[Devel] [PATCH 8/13] BC: privvmpages accounting (core)

Kirill Korotaev dev at sw.ru
Thu Nov 9 09:02:33 PST 2006


This patch instroduces new resource - BC_PRIVVMPAGES.
It is an upper estimation of currently used physical memory.

There are different approaches to user pages control:
a) account all the mappings on mmap/brk and reject as
   soon as the sum of VMA's lengths reaches the barrier.

   This approach is very bad as applications always map
   more than they really use, very often MUCH more.

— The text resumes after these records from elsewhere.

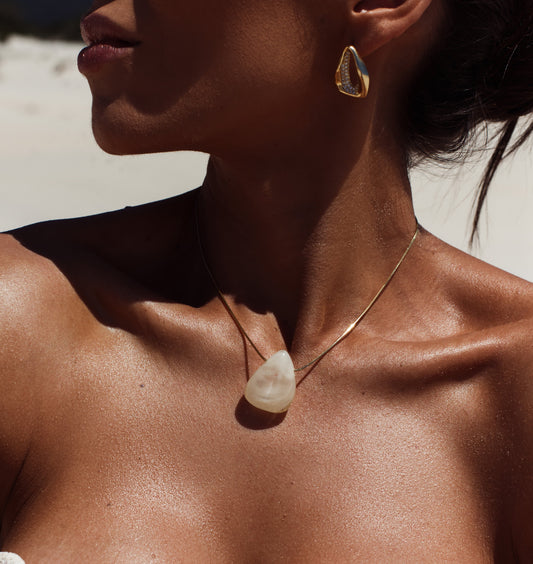 Colar Dourado com Pedra Branca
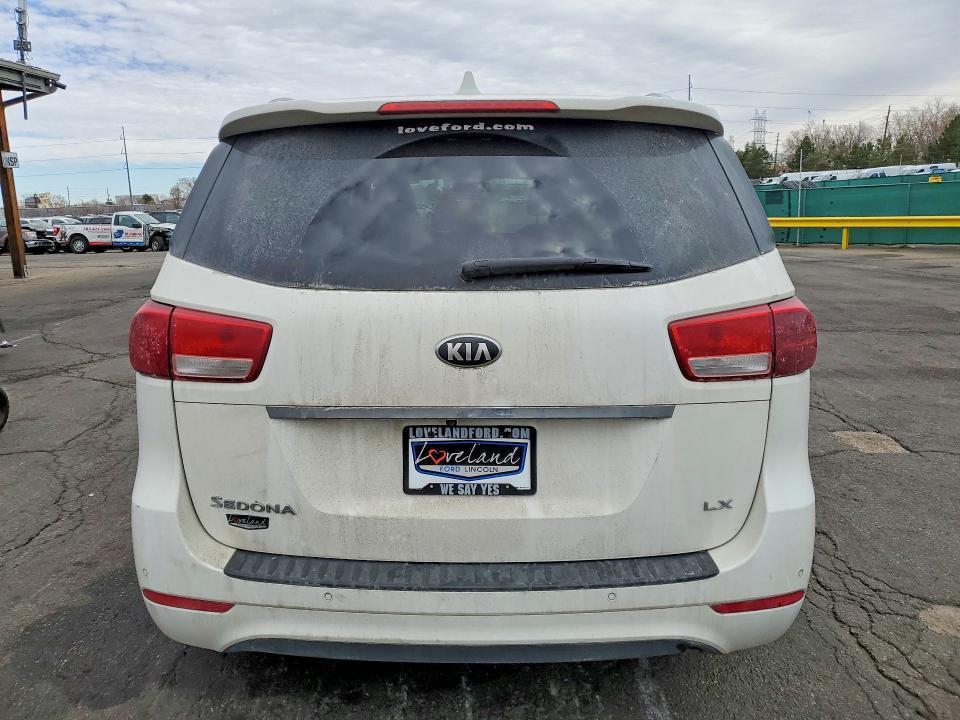 2016 KIA Sedona lx
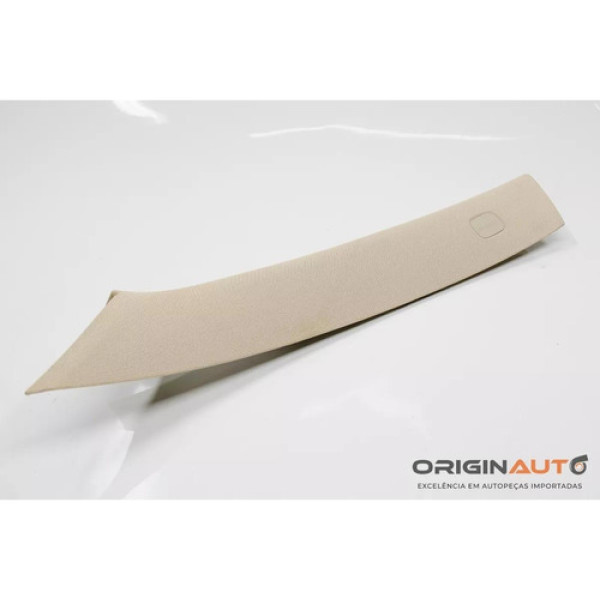 Acabamento Coluna A Esquerda Mercedes Gla 200 2018 A17669017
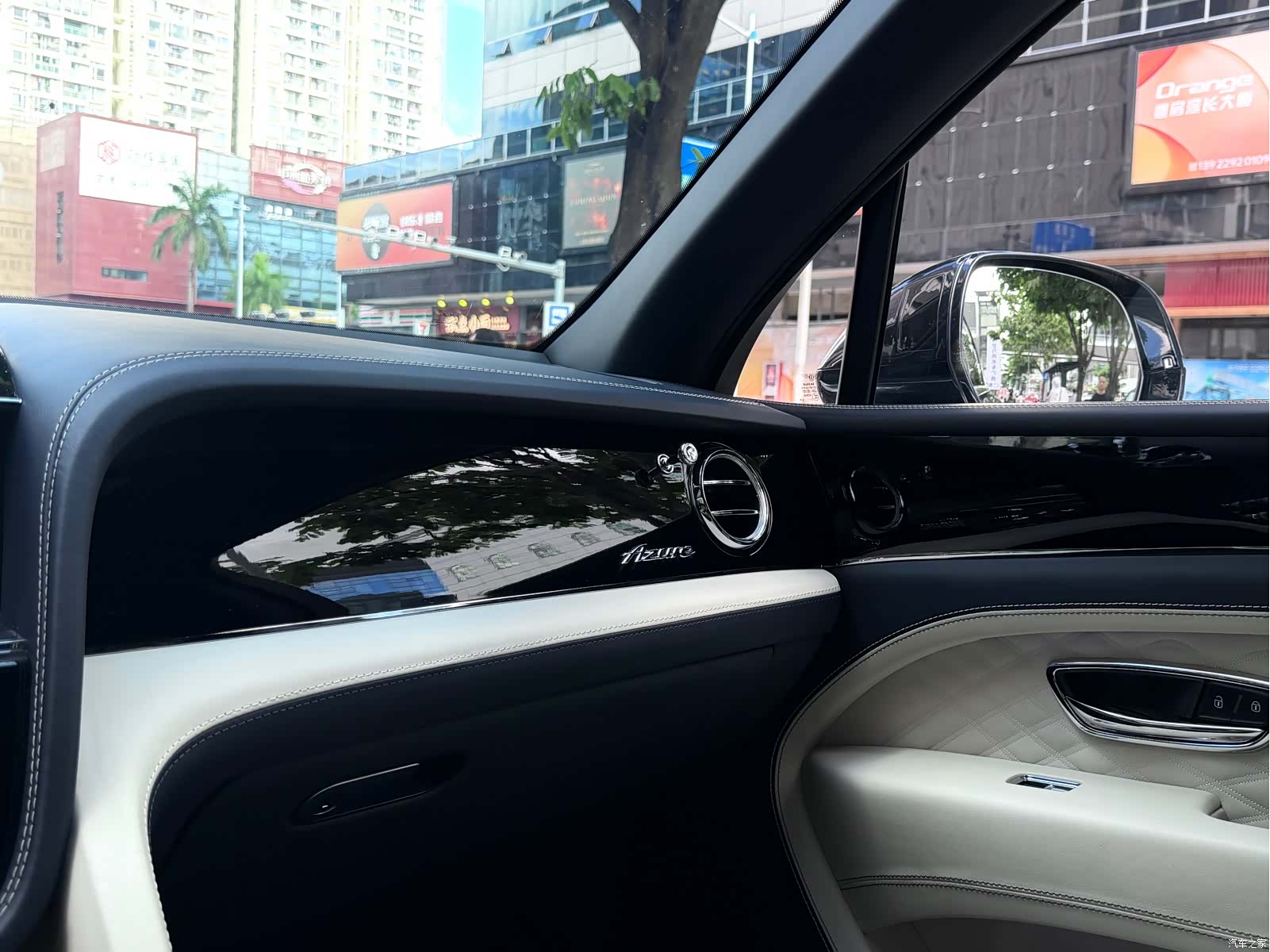 Bentley Bentayga, 2023 26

b) account only the really used memory and reject as
   soon as RSS reaches the limit.

   This approach is not good either as user space pages are
   allocated in page fault handler and the only way to reject
   allocation is to kill the task.
   
   Comparing to previous scenarion this is much worse as
   application won't even be able to terminate gracefully.

c) account a part of memory on mmap/brk and reject there,
   and account the rest of the memory in page fault handlers
   without any rejects.
   This type of accounting is used in UBC.

d) account physical memory and behave like a standalone
   kernel - reclaim user memory when run out of it.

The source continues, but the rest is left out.